DATASET SECTION
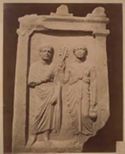 Stele funeraria di epoca romana con donna con sistro nella mano destra: museo archeologico nazionale: Atene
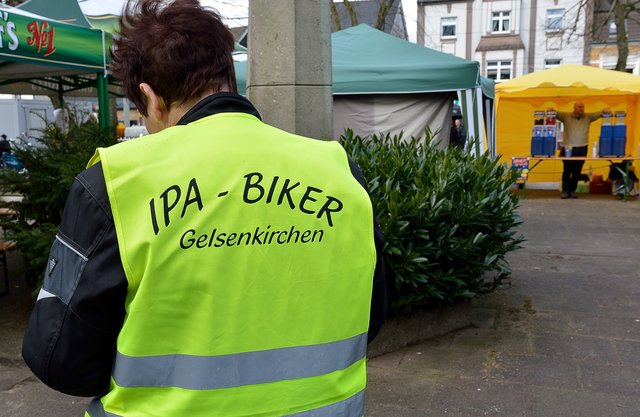 Anfahren in Beckhausen.Segnung von Motorradfahrer und Fahrradfahrer auf dem Marktplatz in Gelsenkirchen-Beckhausen am 11.04.2015.(Foto:Kurt Gritzan)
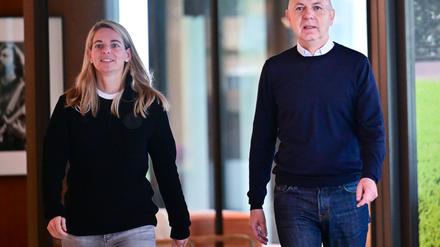 Die DFB-Funktionäre Nia Künzer und Bernd Neuendorf hoffen, dass die EM 2029 in Deutschland stattfindet. (Archivbild)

DIRECTIONS FOR THIS TASK
Reprint the whole listing above exactly, taking out the pictures.

RESULT
 Stele funeraria di epoca romana con donna con sistro nella mano destra: museo archeologico nazionale: Atene
 Anfahren in Beckhausen.Segnung von Motorradfahrer und Fahrradfahrer auf dem Marktplatz in Gelsenkirchen-Beckhausen am 11.04.2015.(Foto:Kurt Gritzan)
 Die DFB-Funktionäre Nia Künzer und Bernd Neuendorf hoffen, dass die EM 2029 in Deutschland stattfindet. (Archivbild)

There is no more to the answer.